If you want to know the truth, if you really want to hear about it, the first thing you’ll probably want to know is, “Which is smarter? A professional gaming journalist, or a Pigeon?” (‘Smarter’ might be too harsh of an adjective, but it’s a good attention-getter; and that’s what the internet is all about right?  You’ll never believe what happens next!)

The game in question is a new release on Xbox One and Windows 10 platforms from Studio MDHR called Cuphead.  It’s a fully animated, stylized run-n-gun/boss rush/platformer, that, even before it was released this September, had earned a reputation for being ridiculously hard.  Think; Duck Tales, Mega Man 2, Battle Toads, and Star Wars: The Empire Strikes Back, hard.  Dark Souls meets Steamboat Willie.  Needless to say, the obvious throwback to early platforming games of my youth had my attention.

The person in the clip (controlling the anthropomorphic cup, not the flying rat in the Skinner box) is a professional journalist who writes reviews for the latest video games.  He gets paid to write about video games, which, in a round about way, means, he gets paid to play video games.  The real clip, without the Skinner box comparison, continues on for another painful 26 minutes of gameplay.  Repeatedly failing attempts over, and over with no change in tactics.  Insanity.  Not to just throw shade though; the game is refreshingly hard.  It’s hard, but fair.  Play smart, learn some patterns, and you’ll be collecting on the Devil’s contracts in no time.

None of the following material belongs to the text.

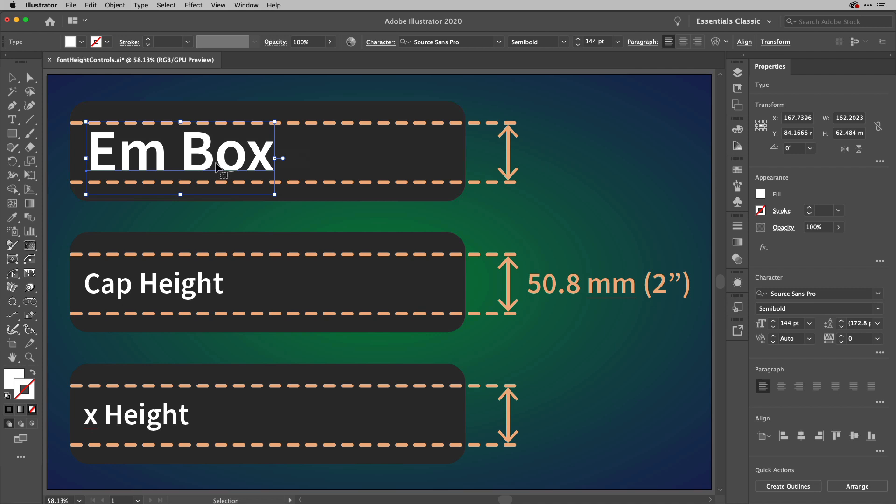So how do we do it? Well, there's a brand new feature in Illustrator 24.3 and beyond that allows you to change based on two other features, the cap height and the X height.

Older games were fairly notorious for not having any sort of tutorial or difficulty selection; and although I miss reading the lore and story introduction that usually came with the included booklets, I appreciate the fact that most games now might hold on to the back of your bike seat for the first few minutes until you are sure that you can do it, all by yourself.  Disney games like “Aladdin” and “The Lion King” were so difficult and unforgiving it seemed as if Disney was punishing you from straying the movies, the true form of Disney entertainment.   There was no regenerating life, recharging shields, or save points.   If a game did happen to have a save system, you better have your cheat sheet notebook handy to write down a 16 character long save code, or a draw out your 3 X 4 grid system, like Mega Man, in order to pick up where you left off.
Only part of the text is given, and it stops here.